Weather: Mercury finally says it's winter
It may be Jan. 14, but winter has finally arrived. Thursday and Friday's temperatures in the single digits were the first below-average high temperatures in Bemidji in over a month. Lows managed to creep below zero both mornings, also for the first time in over a month.
Look for temperatures to moderate over the next several days before returning to current levels by the middle of next week. These temperatures are still a far cry from Jan. 13, 1916, when Bagley reached a morning low of 50 below - the lowest temperature ever recorded in Minnesota history for that date.
Snowfall continues to be sparse throughout the area as well much of the state. Less than a foot of snow has fallen in the north woods - less than half of what would be typical though mid January. The Arrowhead continues to be an exception to snowless rule. Ten to 18 inches covers the higher ground to the north of Finland and Lutsen. Forecast models hold little hope for significant snow, although a storm could affect the state later next week.

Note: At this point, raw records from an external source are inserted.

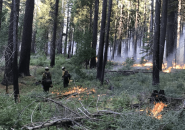 Forest Service Image Rosasco Fire In Stanislaus National Forest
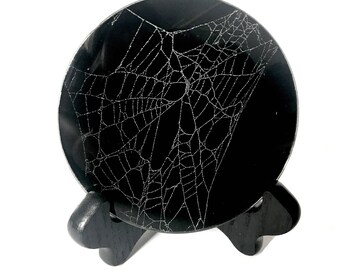 Real Spider Web Preserved in Glass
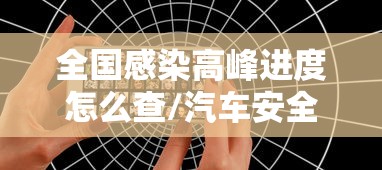 全国感染高峰进度怎么查/汽车安全扣图片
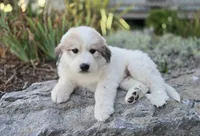 Hunter, a male Great Pyrenees for sale in Port Byron, NY – 1 of 6
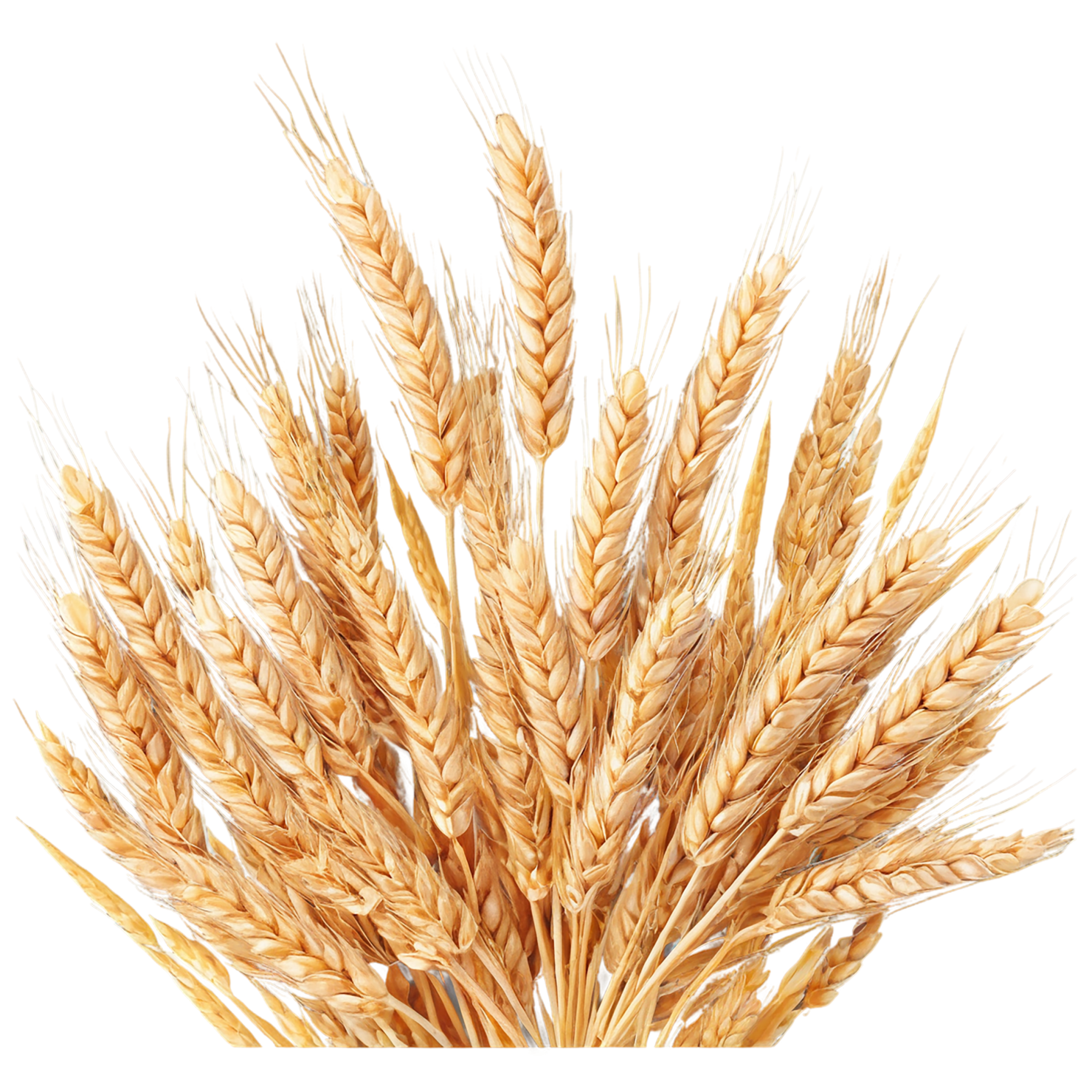 Wheat grains isolated on transparent background #5375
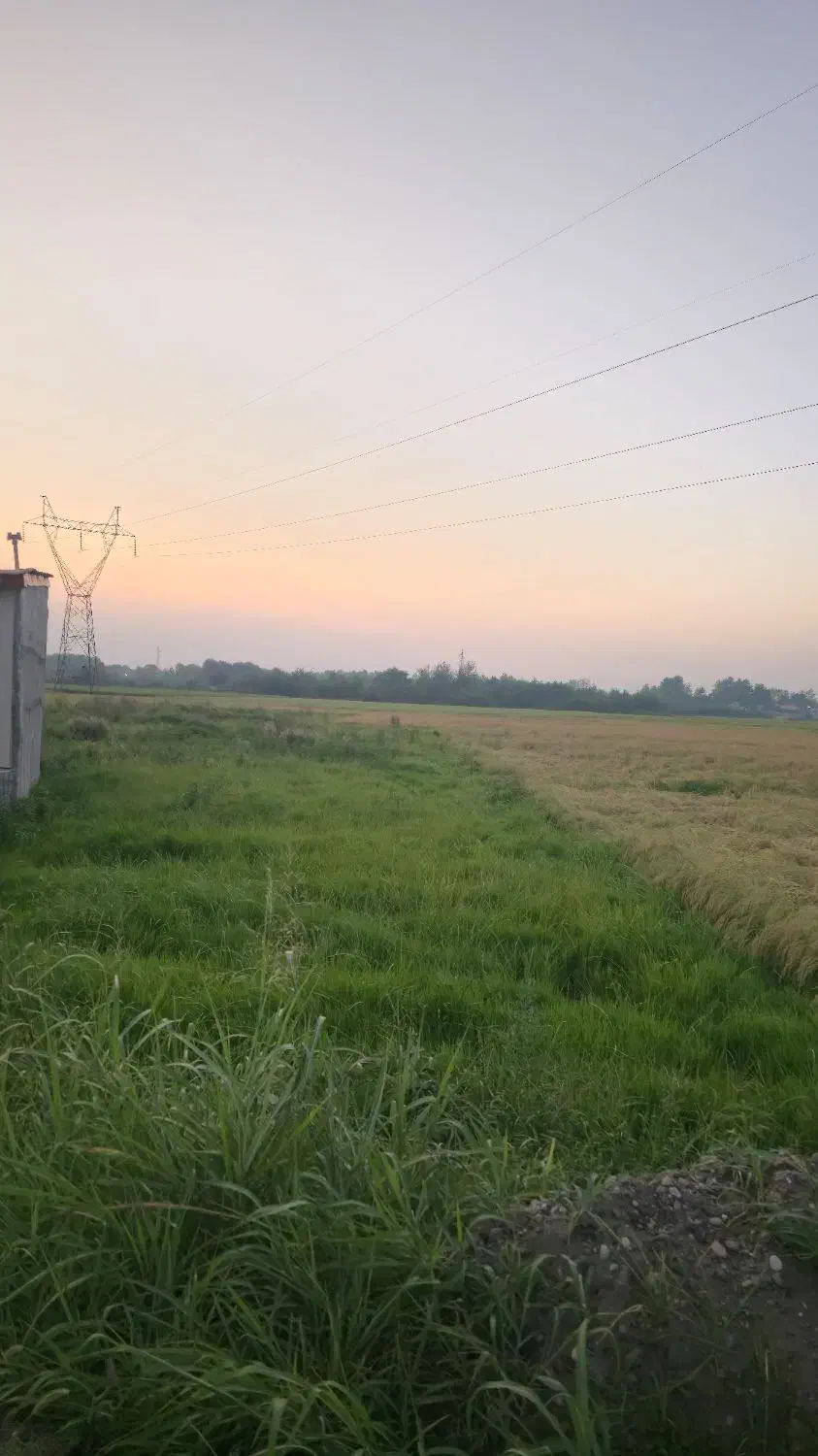 ۱۳۰۰متر زمین شهری لولمان فقط متری یک میلیون|فروش زمین و ملک کلنگی|لولمان, |دیوار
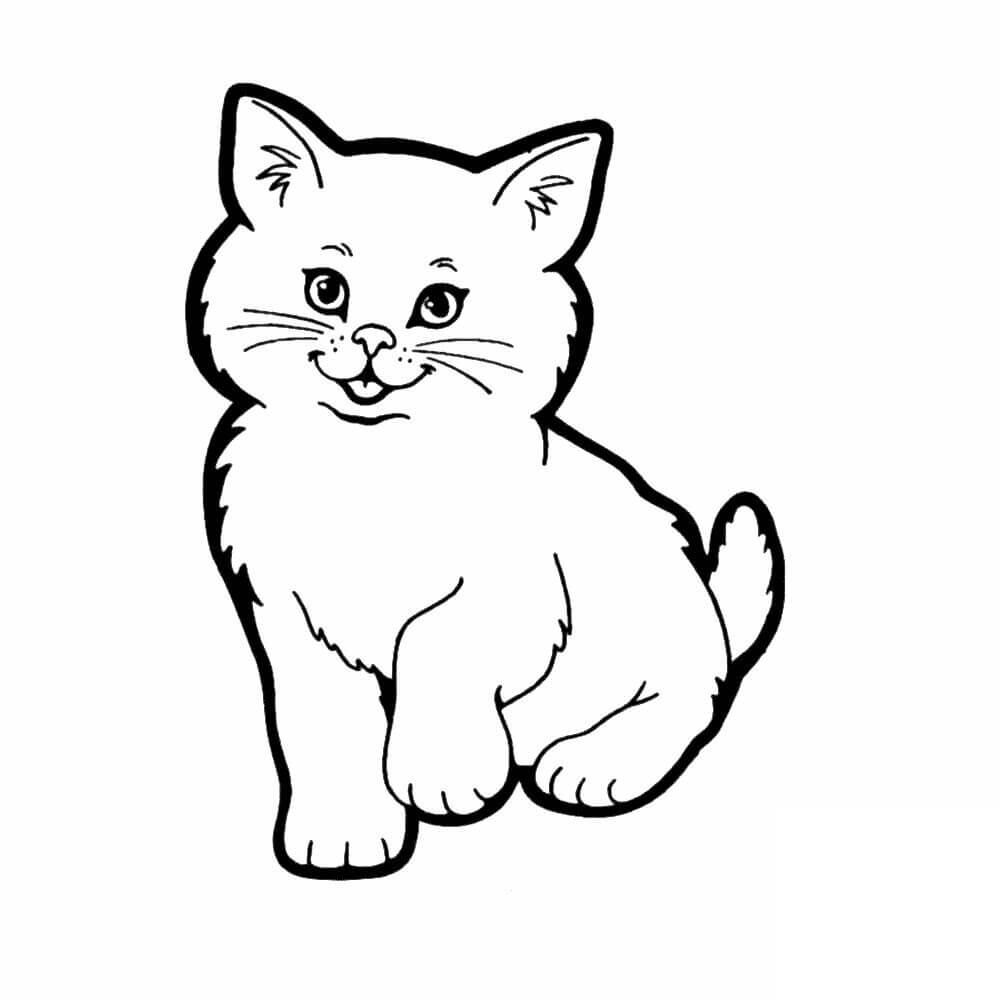Dibujo de Gatito Bsico para Colorear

Lack of snow is not a problem in areas of southeast Alaska. Valdez has recorded 250 inches since Dec. 1 and 322 inches total for the winter. Eighty-four inches were reported on the ground Friday morning. Cordova has received more than 175 inches of snow. The Alaska National Guard has had to report to the isolated town southeast of Anchorage to help clear city streets. Front-end loaders have been busy dumping snow into melting machines so that the city may be prepared for future snowfall. While this area is accustomed to heavy snowfall, these totals are double the average totals for this point in the winter.
If you have your hopes set on snowfall, keep your head up. Typically the snowiest month in the north woods is March, when we receive 8-12 inches on average.